A fun introduction to HyperBinder using characters from Marvel, DC, Star Wars, Lord of the Rings, and Harry Potter.

What you'll learn:

  • Nested molecule composition (typed entities)
  • Cross-universe analogical reasoning
  • Bundle search for prototype matching
  • Why structure matters in vector encoding

The Key Insight

Traditional vector databases encode "Thor" as a single vector. But which Thor?

  • Marvel's Thor (Avengers)
  • Norse mythology Thor
  • God of War's Thor

With nested molecules, we encode characters as typed entities:

Character = (Universe, Name)
Marvel:Thor ≠ Norse:Thor

These are different vectors, but they're related—more similar to each other than Marvel:Thor is to Marvel:Hulk.


The Data

We'll model character relationships across five fictional universes:

import pandas as pd

# Format: (subject_universe, subject_name, relation, object_universe, object_name)
facts = [
    # Star Wars mentorship chain
    ("StarWars", "Rey", "mentored_by", "StarWars", "Luke Skywalker"),
    ("StarWars", "Luke Skywalker", "mentored_by", "StarWars", "Yoda"),
    ("StarWars", "Luke Skywalker", "mentored_by", "StarWars", "Obi-Wan Kenobi"),
    ("StarWars", "Anakin Skywalker", "mentored_by", "StarWars", "Obi-Wan Kenobi"),

    # Harry Potter mentorship
    ("HarryPotter", "Harry Potter", "mentored_by", "HarryPotter", "Albus Dumbledore"),
    ("HarryPotter", "Harry Potter", "mentored_by", "HarryPotter", "Sirius Black"),

    # Lord of the Rings
    ("LotR", "Frodo Baggins", "mentored_by", "LotR", "Gandalf"),
    ("LotR", "Bilbo Baggins", "mentored_by", "LotR", "Gandalf"),

    # Marvel
    ("Marvel", "Peter Parker", "mentored_by", "Marvel", "Tony Stark"),
    ("Marvel", "Wanda Maximoff", "mentored_by", "Marvel", "Doctor Strange"),

    # DC
    ("DC", "Dick Grayson", "mentored_by", "DC", "Bruce Wayne"),
    ("DC", "Tim Drake", "mentored_by", "DC", "Bruce Wayne"),

    # Team leadership
    ("Marvel", "Tony Stark", "leads", "Marvel", "Avengers"),
    ("DC", "Superman", "leads", "DC", "Justice League"),
    ("Marvel", "Charles Xavier", "leads", "Marvel", "X-Men"),

    # Rivalries
    ("Marvel", "Thor", "enemy_of", "Marvel", "Loki"),
    ("DC", "Batman", "enemy_of", "DC", "Joker"),
    ("StarWars", "Luke Skywalker", "enemy_of", "StarWars", "Darth Vader"),
    ("HarryPotter", "Harry Potter", "enemy_of", "HarryPotter", "Voldemort"),
    ("LotR", "Gandalf", "enemy_of", "LotR", "Sauron"),
]

df = pd.DataFrame(facts, columns=[
    "subject_universe", "subject_name",
    "relation",
    "object_universe", "object_name"
])

The Schema: Nested Molecules

Here's where it gets interesting. We define characters as Pair(universe, name):

from hybi import HyperBinder
from hybi.compose import Triple, Pair, Field, Encoding

schema = Triple(
    subject=Pair(
        left=Field("subject_universe", encoding=Encoding.EXACT),
        right=Field("subject_name", encoding=Encoding.SEMANTIC),
    ),
    predicate=Field("relation", encoding=Encoding.EXACT),
    object=Pair(
        left=Field("object_universe", encoding=Encoding.EXACT),
        right=Field("object_name", encoding=Encoding.SEMANTIC),
    ),
)

What this encodes:

((universe, name), relation, (universe, name))

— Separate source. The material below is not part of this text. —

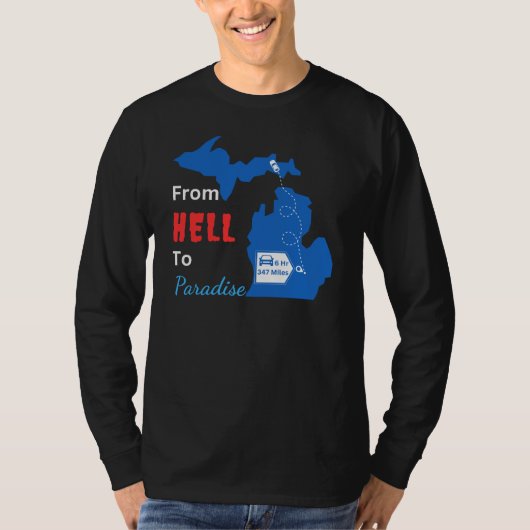 Michigan thema - stad van de hel, MI naar het para T-shirt (Voorkant)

This creates a composite structure where:

  • Marvel:Thor and Norse:Thor are different vectors
  • But they share the "Thor" component, so they're similar
  • You can query by just the universe or just the name

Ingest and Query

hb = HyperBinder("http://localhost:8000")

# Ingest with our nested schema
hb.ingest(df, collection="fictional_universe", schema=schema)

# Get a query builder
q = hb.query("fictional_universe", schema=schema)

Find by Typed Entity

# Find all relationships for Marvel's Tony Stark
results = q.find(
    subject_universe="Marvel",
    subject_name="Tony Stark",
    top_k=10
)

for r in results:
    print(f"{r['subject_universe']}:{r['subject_name']} "
          f"--[{r['relation']}]--> "
          f"{r['object_universe']}:{r['object_name']}")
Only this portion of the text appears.